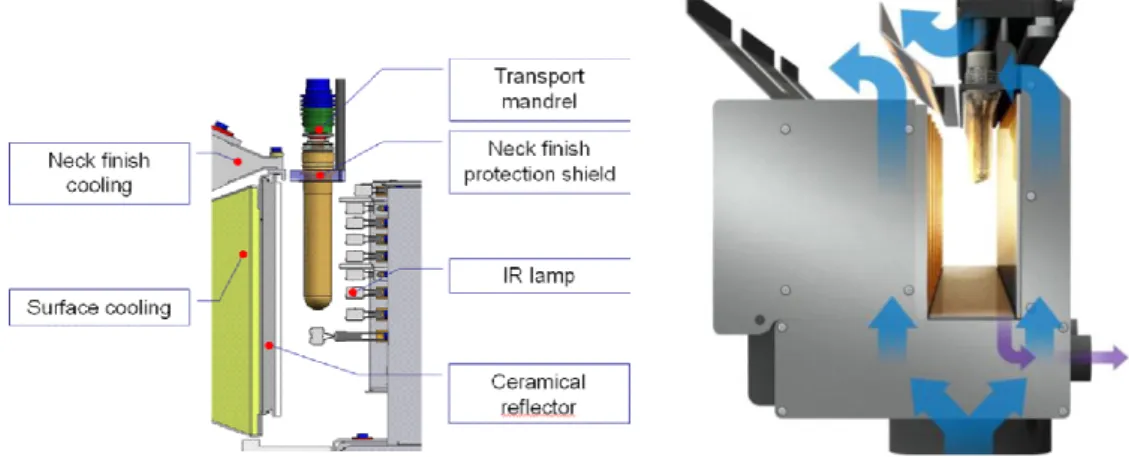 Figura 22: particolare del forno per il riscaldamento delle preforme, posizione lampade e riflettori; impianto di  ventilazione  [1]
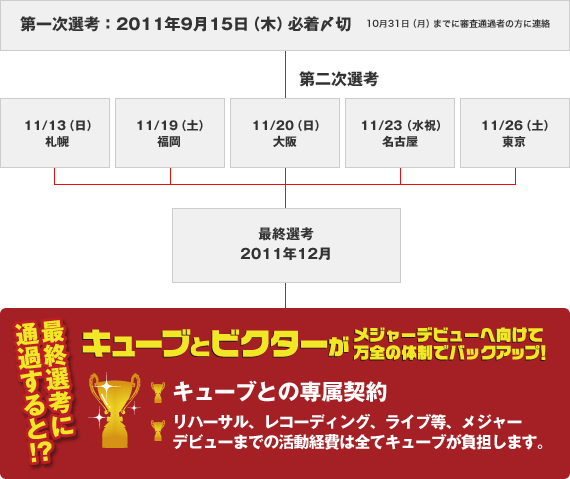 オーディションスケジュール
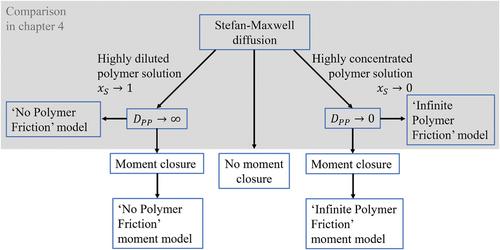 Modeling of Diffusive Transport of Polymers Moments Using Limiting Cases of the Maxwell–Stefan Model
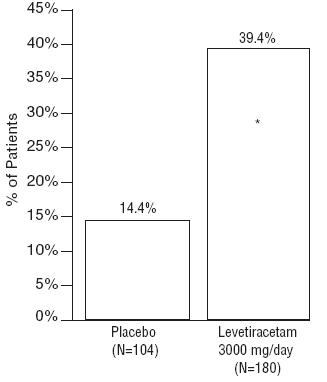 Figure 3: Responder Rate (≥50% Reduction From Baseline) In Study 3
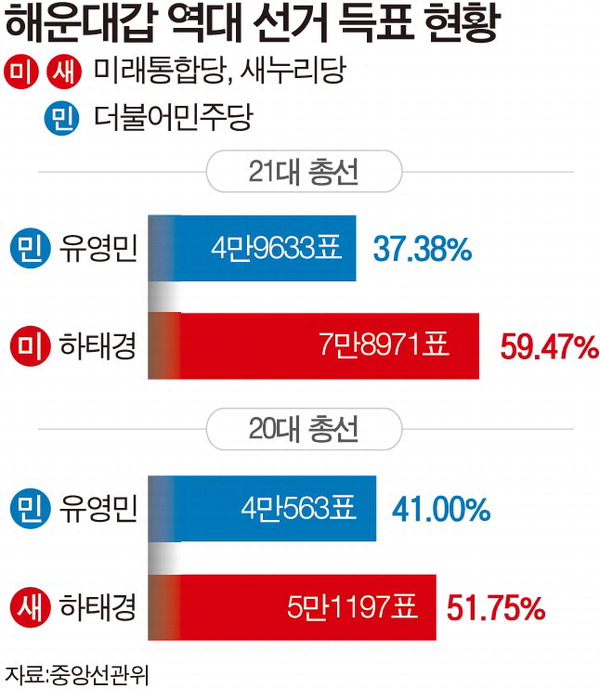 홍플레이스 이미지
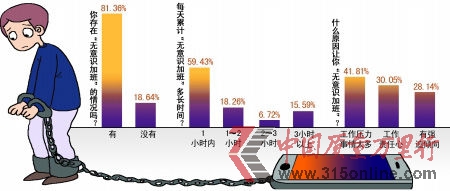 本報(bào)聯(lián)合大渝網(wǎng)對(duì)白領(lǐng)“無意識(shí)加班”調(diào)查結(jié)果 商報(bào)圖形 王若靜 制 本報(bào)聯(lián)合大渝網(wǎng)對(duì)白領(lǐng)“無意識(shí)加班”調(diào)查結(jié)果 商報(bào)圖形 王若靜 制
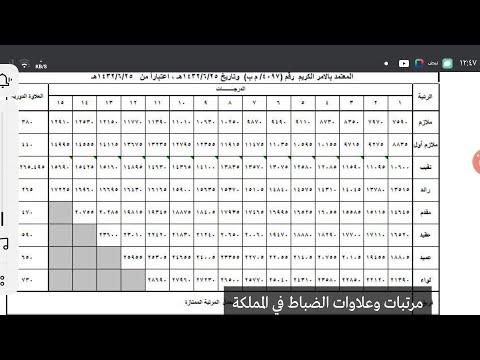 سلم رواتب العسكريين 1442هجري للجنود والافراد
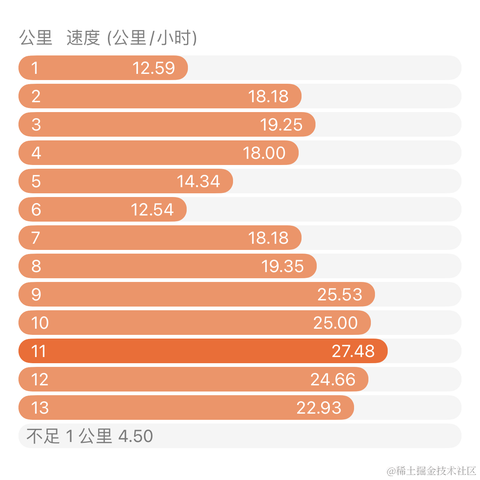 天机星于2023-05-16 14:34发布的图片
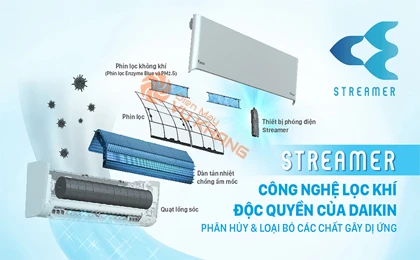 /upload/images/anh-up-web/FTXM35XVMV/Dieu-hoa-Daikin-2-chieu-12000BTU-FTXM35XVMV.jpg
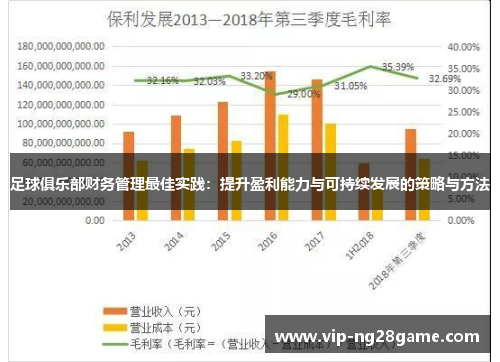 足球俱乐部财务管理最佳实践：提升盈利能力与可持续发展的策略与方法
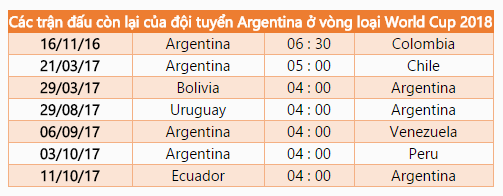 Messi và đồng đội cần làm gì để Argentina dự World Cup 2018? - Ảnh 3.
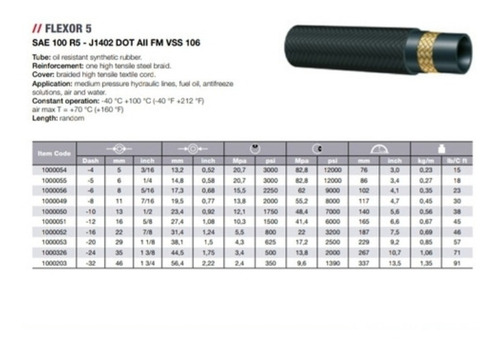 Manguera Hidraulica R5 3/16 Flexor 3000psi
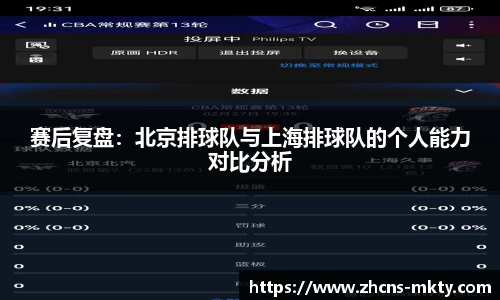赛后复盘：北京排球队与上海排球队的个人能力对比分析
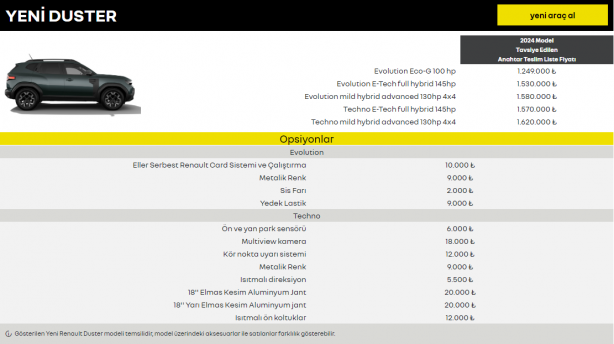 Foto - Yeni Renault Duster Türkiye’de satışta! Fiyatı bomba etkisi yaptı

■ Your task ■
Omitting the pictures, repeat all entries exactly.

■ Task solution ■
 Figura 22: particolare del forno per il riscaldamento delle preforme, posizione lampade e riflettori; impianto di  ventilazione  [1]
 オーディションスケジュール
 Modeling of Diffusive Transport of Polymers Moments Using Limiting Cases of the Maxwell–Stefan Model
 Figure 3: Responder Rate (≥50% Reduction From Baseline) In Study 3
 홍플레이스 이미지
 本報(bào)聯(lián)合大渝網(wǎng)對(duì)白領(lǐng)“無意識(shí)加班”調(diào)查結(jié)果 商報(bào)圖形 王若靜 制 本報(bào)聯(lián)合大渝網(wǎng)對(duì)白領(lǐng)“無意識(shí)加班”調(diào)查結(jié)果 商報(bào)圖形 王若靜 制
 سلم رواتب العسكريين 1442هجري للجنود والافراد
 天机星于2023-05-16 14:34发布的图片
 /upload/images/anh-up-web/FTXM35XVMV/Dieu-hoa-Daikin-2-chieu-12000BTU-FTXM35XVMV.jpg
 足球俱乐部财务管理最佳实践：提升盈利能力与可持续发展的策略与方法
 Messi và đồng đội cần làm gì để Argentina dự World Cup 2018? - Ảnh 3.
 Manguera Hidraulica R5 3/16 Flexor 3000psi
赛后复盘：北京排球队与上海排球队的个人能力对比分析
 Foto - Yeni Renault Duster Türkiye’de satışta! Fiyatı bomba etkisi yaptı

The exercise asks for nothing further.